This project, and lots of others, would really benefit from a standardized crypto Javascript API in browsers so there is an opportunity for using better hashing algorithms than are realistic to implement in Javascript.
Im not saying its realistic to engineer sha1 collisions to serve up malicious content on a platform like this, but its getting closer every year.
The platform my company is working on is similar to cacheP2P. We wrote our own custom PKI implementation on top of the WebCrypto API that doesn't rely on SHA1 for hashing.
For fun a few months ago, I implemented BLAKE in JS. It's a state of the art hash function developed by djb.
It was cool seeing how hashing works under the hood. I used UInt32Array for speed. It is still nowhere near native speed, but fast enough for many applications.

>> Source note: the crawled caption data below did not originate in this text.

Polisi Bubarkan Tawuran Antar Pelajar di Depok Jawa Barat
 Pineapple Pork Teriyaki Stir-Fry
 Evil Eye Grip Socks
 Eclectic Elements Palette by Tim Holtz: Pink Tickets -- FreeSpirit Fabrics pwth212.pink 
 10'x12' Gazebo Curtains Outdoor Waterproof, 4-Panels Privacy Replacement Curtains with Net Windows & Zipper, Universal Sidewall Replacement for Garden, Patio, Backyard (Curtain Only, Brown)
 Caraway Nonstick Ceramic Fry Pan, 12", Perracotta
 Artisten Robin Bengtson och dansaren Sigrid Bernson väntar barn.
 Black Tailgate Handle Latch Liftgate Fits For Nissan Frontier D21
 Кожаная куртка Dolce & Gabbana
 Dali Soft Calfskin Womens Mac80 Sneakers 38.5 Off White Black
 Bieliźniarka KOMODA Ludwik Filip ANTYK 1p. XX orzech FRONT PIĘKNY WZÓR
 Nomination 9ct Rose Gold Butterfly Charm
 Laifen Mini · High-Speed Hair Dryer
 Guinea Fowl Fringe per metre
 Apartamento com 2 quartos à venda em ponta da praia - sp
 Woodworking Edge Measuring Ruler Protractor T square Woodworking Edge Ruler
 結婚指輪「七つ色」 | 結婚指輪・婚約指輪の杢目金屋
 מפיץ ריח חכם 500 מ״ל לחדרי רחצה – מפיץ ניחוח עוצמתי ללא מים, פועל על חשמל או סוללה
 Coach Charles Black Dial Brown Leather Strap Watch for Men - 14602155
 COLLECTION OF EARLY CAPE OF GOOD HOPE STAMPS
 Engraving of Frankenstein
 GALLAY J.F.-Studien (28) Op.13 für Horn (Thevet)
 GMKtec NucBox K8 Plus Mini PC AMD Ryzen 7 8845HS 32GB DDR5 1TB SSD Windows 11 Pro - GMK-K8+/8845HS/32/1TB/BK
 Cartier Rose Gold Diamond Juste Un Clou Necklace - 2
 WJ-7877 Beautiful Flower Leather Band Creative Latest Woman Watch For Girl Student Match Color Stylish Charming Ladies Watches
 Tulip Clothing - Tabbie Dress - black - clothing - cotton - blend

In particular, SubtleCrypto [0] seems to be what you're looking for. It's in the latest versions of FF/Chrome/Edge/Safari (and according to MDN, shipped with Edge last year and has been supported by Chrome/FF/Safari for roughly 2 years* [1]).
I can't find any support for Opera / IE, unfortunately, although Opera's been based on Chromium since 2013, so... presumably it's been supported for years, as well?
* Cross-referencing against browser release dates, that is.
Im not saying its realistic to engineer sha1 collisions to serve up malicious content on a platform like this, but its getting closer every year.